All these stalwarts have averages that are superior to some of the players in our sublime list

Cricinfo
25-Feb-2013
From S. Giridhar and V. J. Raghunath, India
The elder amongst us has watched left handers from the days of the incomparable Neil Harvey and was a first division left hand batsman in Chennai and Mumbai. The other can recall the magic of Sobers whom he saw more than 43 years ago and has bowled leg breaks without much success to left handers of even minor league quality. We argued, debated and traded anecdotes to compile a list of what we believe are the most sublime of left handers. The dictionary defines sublime as something that is characterized by feelings of grandeur, nobility, awe, magnificence and something that is ennobling. Going by this definition, we let our memories guide us in our quest of pulling out 12 gems. Here they are in order of their appearance in test cricket:
Frank Woolley of England, Neil Harvey of Australia, Garfield Sobers of West Indies, Graeme Pollock of South Africa, Alvin Kallicharan of West Indies, David Gower of England, Brian Lara of West Indies, Sanath Jayasuriya of Sri Lanka, Saurav Ganguly of India, Adam Gilchrist of Australia, Kumara Sangakara of Sri Lanka and Gautam Gambhir of India.

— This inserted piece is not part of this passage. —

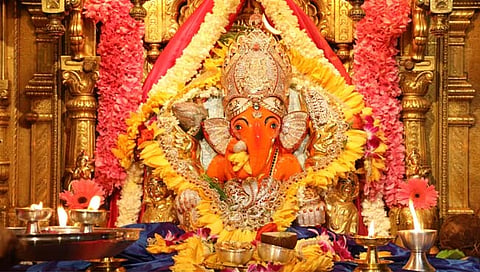 मुंबई : सिद्धिविनायक मंदिरातील अनागोंदी कारभाराची चौकशी करा : मनसेचे मुख्यमंत्र्यांना निवेदन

The argument as usual may be over a couple of names. Should Mike Hussey and Stephen Fleming not come in? Was Fredericks not a uniquely thrilling batsman? Should Gambhir be included merely because he has been so effulgent over the past few months? Surely Saeed Anwar of Pakistan has given viewers more than enough pleasure to be counted. And just because Hayden smote the ball powerfully does it make him less sublime? Readers may express their opinion of who they think ought to be in this pantheon of twelve.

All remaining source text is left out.